QUESTION: The European Union has set mandatory targets on renewable energy. Is that something you would consider in a McCain administration? [...]
MCCAIN: Sure. I believe in the cap-and-trade system, as you know. I would not at this time make those -- impose a mandatory cap at this time. But I do believe that we have to establish targets for reductions of greenhouse gas emissions over time, and I think those can be met.
As hilzoy notes, McCain doesn't seem to have any idea what a cap-and-trade system of greenhouse gas emissions actually entails. He says he does not support a mandatory cap, only "targets for reductions". But a mandatory cap is a crucial component to any cap-and-trade system, hence the "cap" in the name, and "targets for reductions" is an incredibly vague and meaningless statement of policy.
The idea behind cap-and-trade is that you cap emissions at a certain level, and then allocate a set number of permits to all corporations that emit CO2. Each permit would be like an allowance for a certain amount of emissions. Some firms may find the cost of the permits higher than their cost of reducing emissions, and these firms will sell their permits to firms that have abatement costs higher than the cost of the permits. In this way, each firm is able to reach a cost-effective arrangement, at least in theory.
But if John McCain supports such a system, he is either lying or confused when he says he does not support mandatory caps. It's almost like one of his advisors convinced him that cap-and-trade was a good thing, but he never quite figured out what it actually means.

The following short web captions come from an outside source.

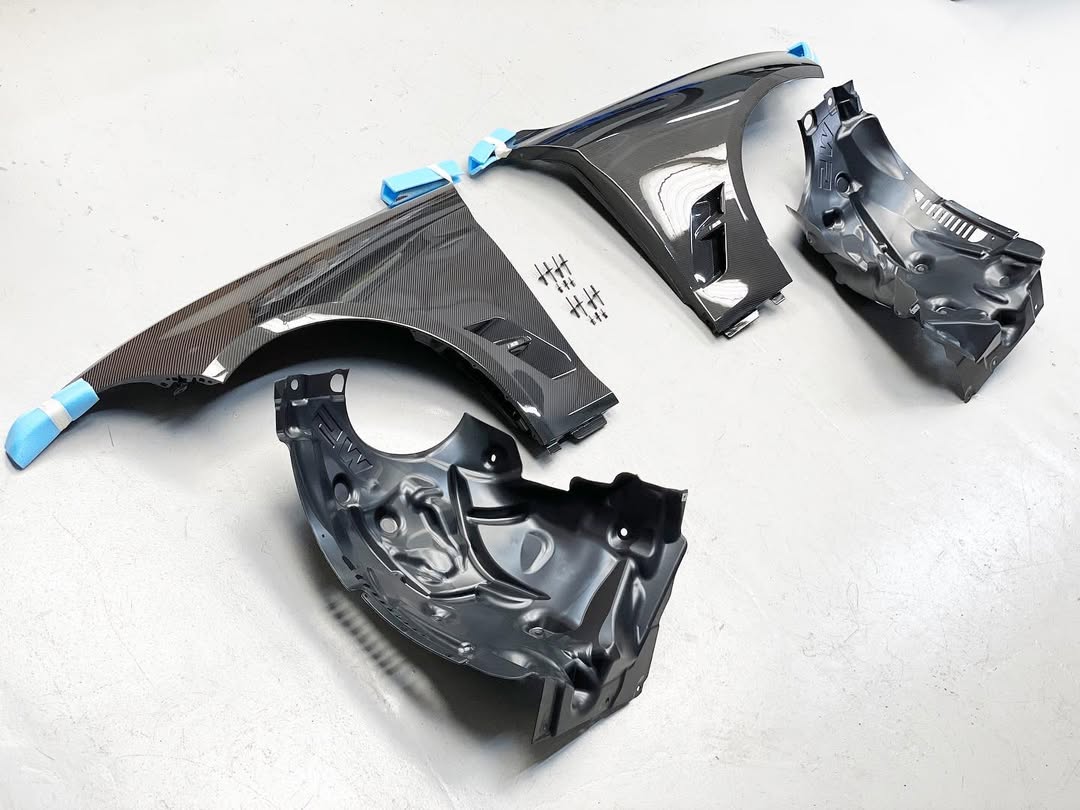 SUPER LIGHT WEIGHT BMW F87 CARBON FIBER FENDERS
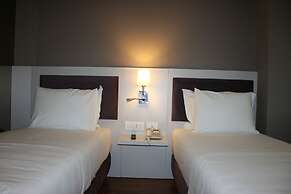 Bougainville Bay Hotel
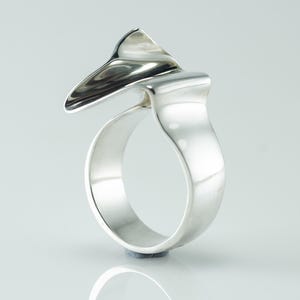 Sterling Silver Sculptural Plain Ring, Modern Geometric Statement Silver Jewelry Inspired by Architecture, Artistic Ring for Everyday Wear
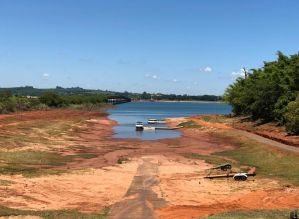 Representantes se reúnem para discutir impactos causados pela baixa da Represa de Jurumirim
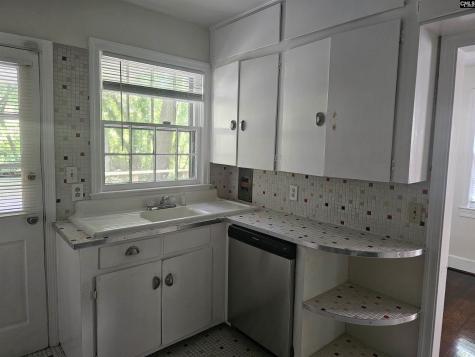 3947 Live Oak Street Columbia SC 29205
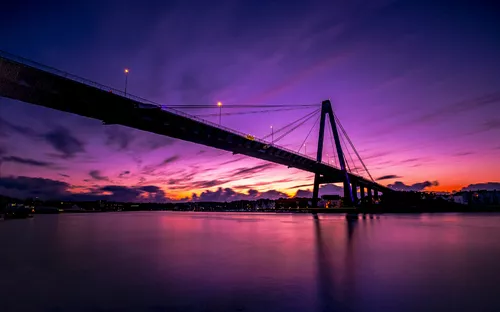 Brücke bei Sonnenuntergang über einem ruhigen Fluss in Stavanger.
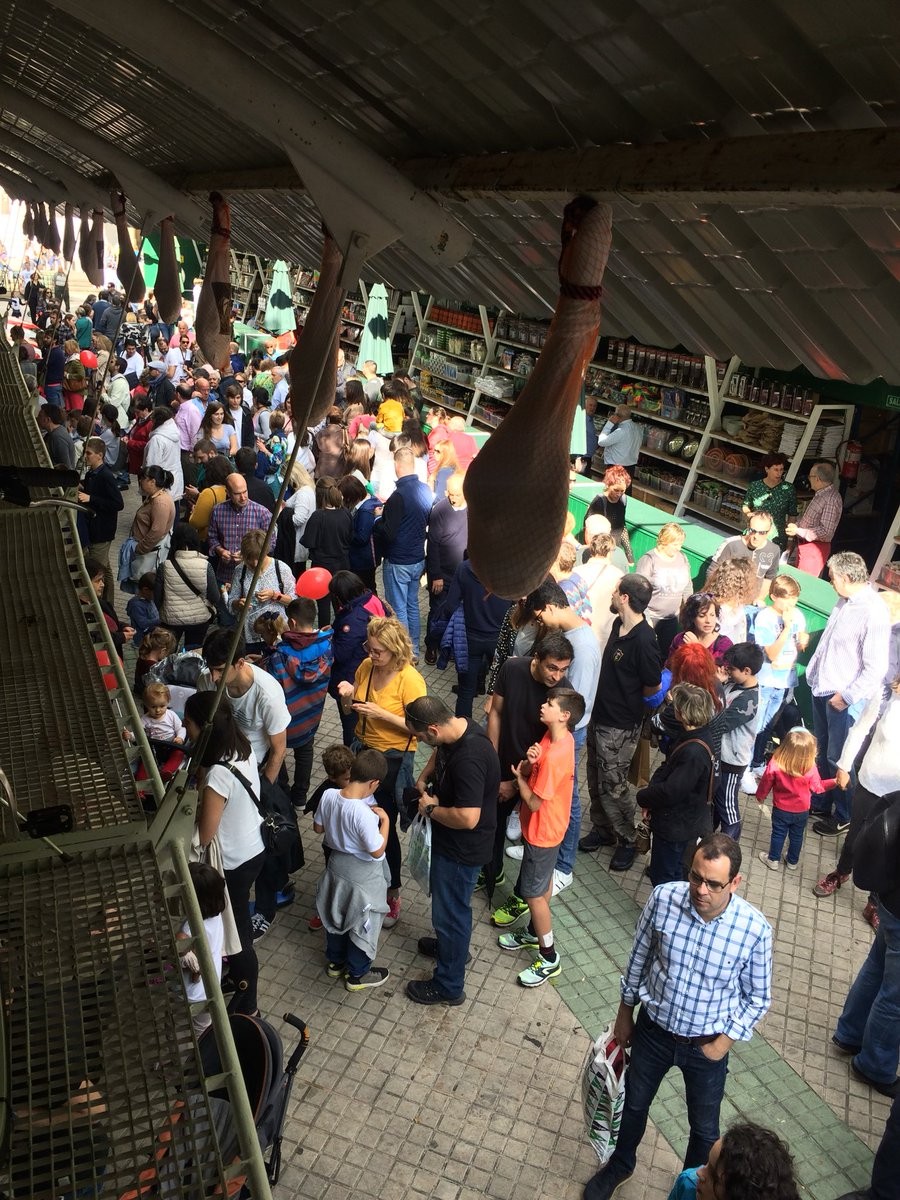 33.000 boleto saldu ditu Tonbolak bi ordutan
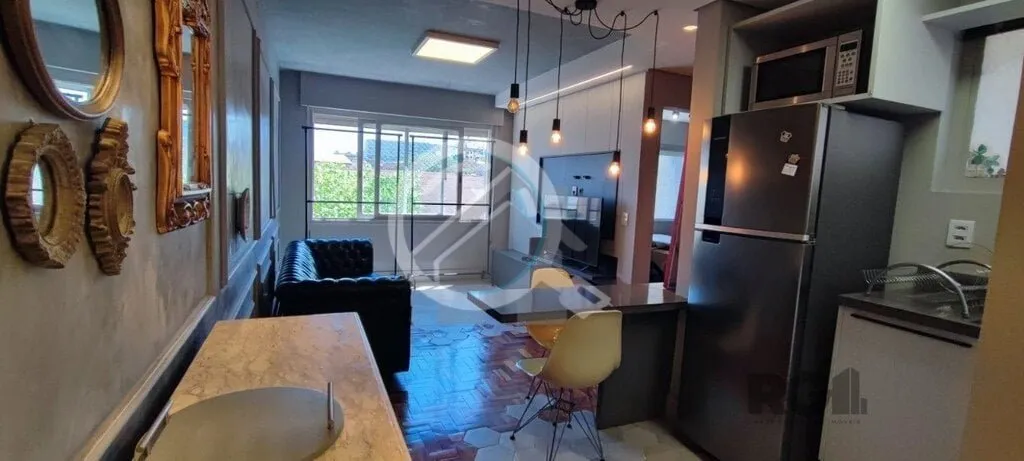 Imagem Apartamento com 1 dormitório cheio de charme e requinte a venda no bairro Menino Deus. São 44m² p...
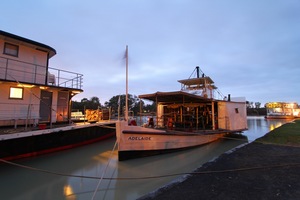 PS Adelaide on sunrise in Wentworth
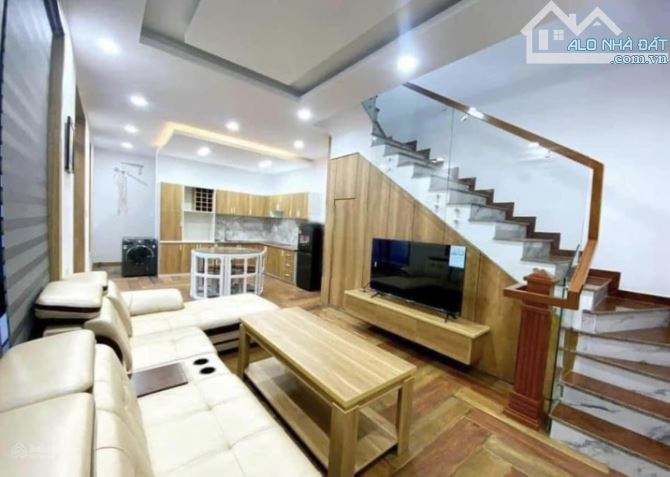 Bán nhà mặt tiền Nguyễn Thị Minh Khai P8 VT 1T3L 6PN hồ bơi, nội thất cao cấp. Giá 12 tỷ T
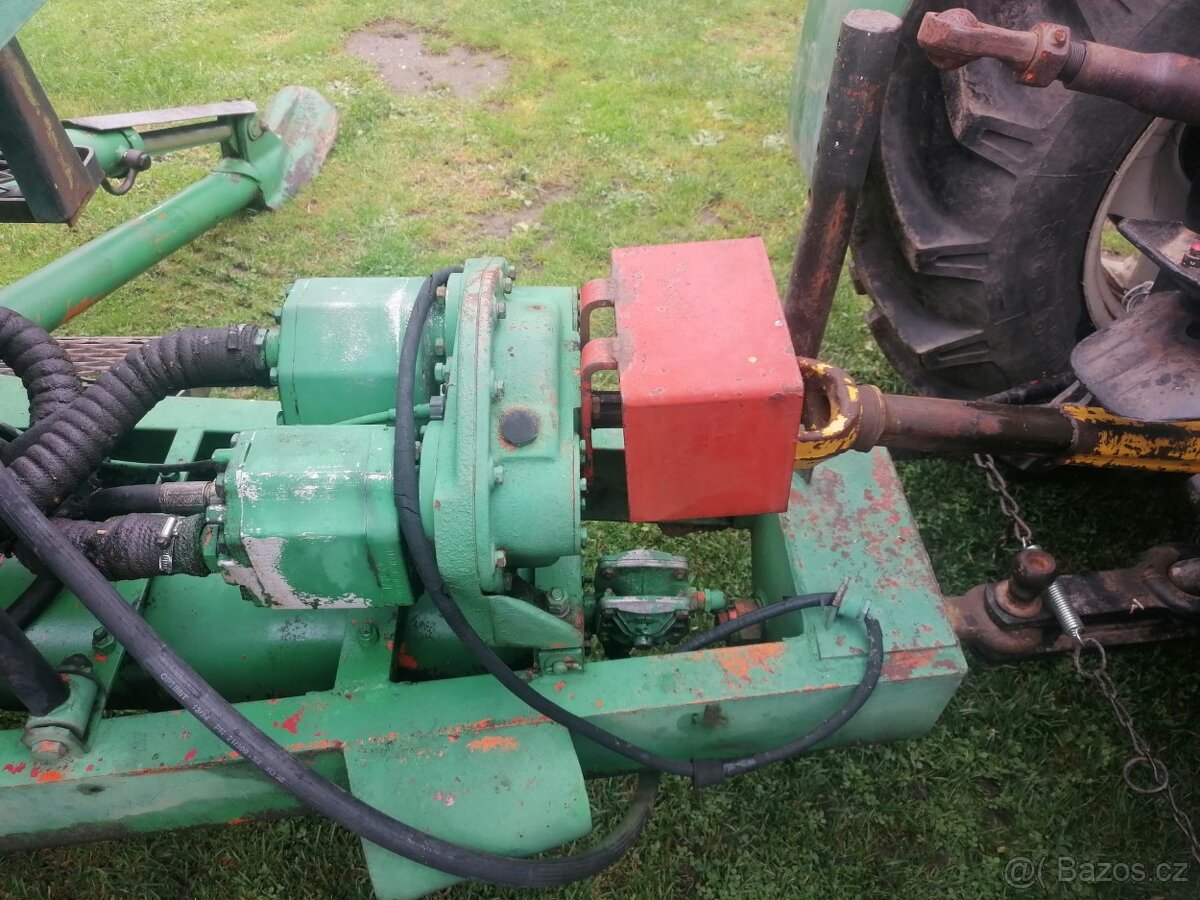 nakladač UNHZ 750 - 3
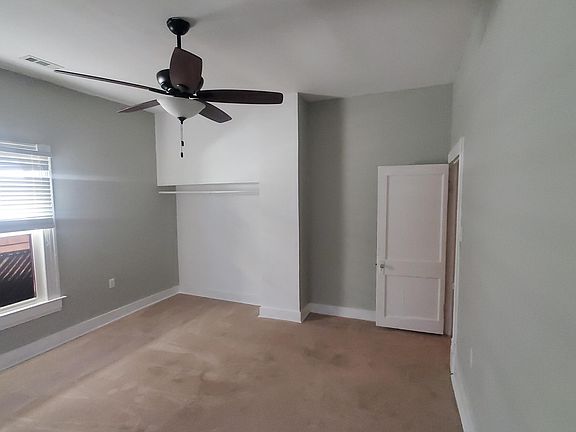 2nd image of 646 Albemarle Ave SE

This isn't the only time he's said stuff like that. From an interview with Greenwire:
It's not quote mandatory caps. It's cap-and-trade, OK. It's not mandatory caps to start with. It's cap-and-trade. That's very different. OK, because that's a gradual reduction in greenhouse-gas emissions. So please portray it as cap-and-trade. That's the way I call it.
WTF is he talking about?
hilzoy also compiled some other examples of McCain's general confusion on the issues:
* He said that the number of troops in Iraq was "down to pre-surge levels". In fact, we have 25,000 more troops in Iraq than we did when the surge began.
* He gets Shi'a and Sunni Islam confused, and doesn't seem to know that Iran, which is Shi'a, is very unlikely to train al Qaeda in Iraq, which is Sunni, within its borders. Possibly that's because he thinks that al Qaeda is Shi'a.
* He doesn't seem to know what his own Social Security policy is. From the WSJ: "On Social Security, the Arizona senator says he still backs a system of private retirement accounts that President Bush pushed unsuccessfully, and disowned details of a Social Security proposal on his campaign Web site."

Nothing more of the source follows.